That’s the technical term for this.
The Texas Department of Public Safety was duped into shipping at least 3,000 Texas driver’s licenses to a Chinese organized crime group that targeted Asian Texans, DPS Director Steve McCraw told a Texas House committee on Monday.
The crime group worked through the state’s government portal, Texas.gov. The agency, which discovered the security breach in December, will begin notifying victims in letters to be sent out this week, the DPS chief said. More victims are still being identified, he said.
“We’re not happy at all, I can tell you that, one bit,” McCraw said in testimony to a House Appropriations subcommittee. “They should have had — controls should have been in place, and they never should have happened.”
The crime organization, which McCraw did not name, was able to get its hands on the Texas driver’s licenses by first pulling personal data on individuals with Asian surnames from the “dark web” and other underground data-trading portals.
That info, including previous addresses and family names, allowed thieves to correctly answer password security questions on the Texas.gov site and use stolen credit cards to order duplicate copies of active licenses — such as those ordered by people who misplace their licenses or report them stolen. A replacement license costs $11.
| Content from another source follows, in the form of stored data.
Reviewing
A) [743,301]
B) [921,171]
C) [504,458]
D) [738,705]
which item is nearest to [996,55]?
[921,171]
The state-run Texas.gov site is the central portal for Texans wanting to renew licenses, obtain driving records and registration, and obtain birth and death certificates, among other things.
The investigation into the stolen driver’s licenses spans at least four states and also involves fraudulent licenses duplicated from victims in other states as well as Texas. The FBI and the Department of Homeland Security are also investigating, according to the DPS letter to lawmakers.
House Appropriations Vice Chair Mary González, an El Paso Democrat, blasted DPS agency chiefs for letting so much time lapse while Texans were unaware that their identities were being used fraudulently.
“Somebody could be going around as Mary González right now for two months, and nobody’s been notified, I [wouldn’t have been] notified,” González said.
DPS officials are not calling the incident a “data breach” because they say no hacking was involved and vast amounts of data were not being stolen. Instead, the crime group used data obtained from underground sources to bypass a simple password security system — laying bare a security vulnerability that “should never have happened,” McCraw said.
Texas.gov is operated not by DPS, but by the Texas Department of Information Resources.
DPS officials declined to provide details about the security loophole that left the site open to fraud but told lawmakers that it had been closed.
DIR spokesperson Brittney Booth Paylor dismissed the notion that the incident was a cybersecurity breach, calling it “a case of fraudulent criminal activity based on factors unrelated to state systems.”
The problem was first detected in December when a third-party Texas.gov payment vendor “alerted DPS to an increase in customers challenging credit card charges for online transactions,” according to a February letter sent to lawmakers from the DPS. The credit cards used to buy the fraudulent copies were also stolen, authorities said.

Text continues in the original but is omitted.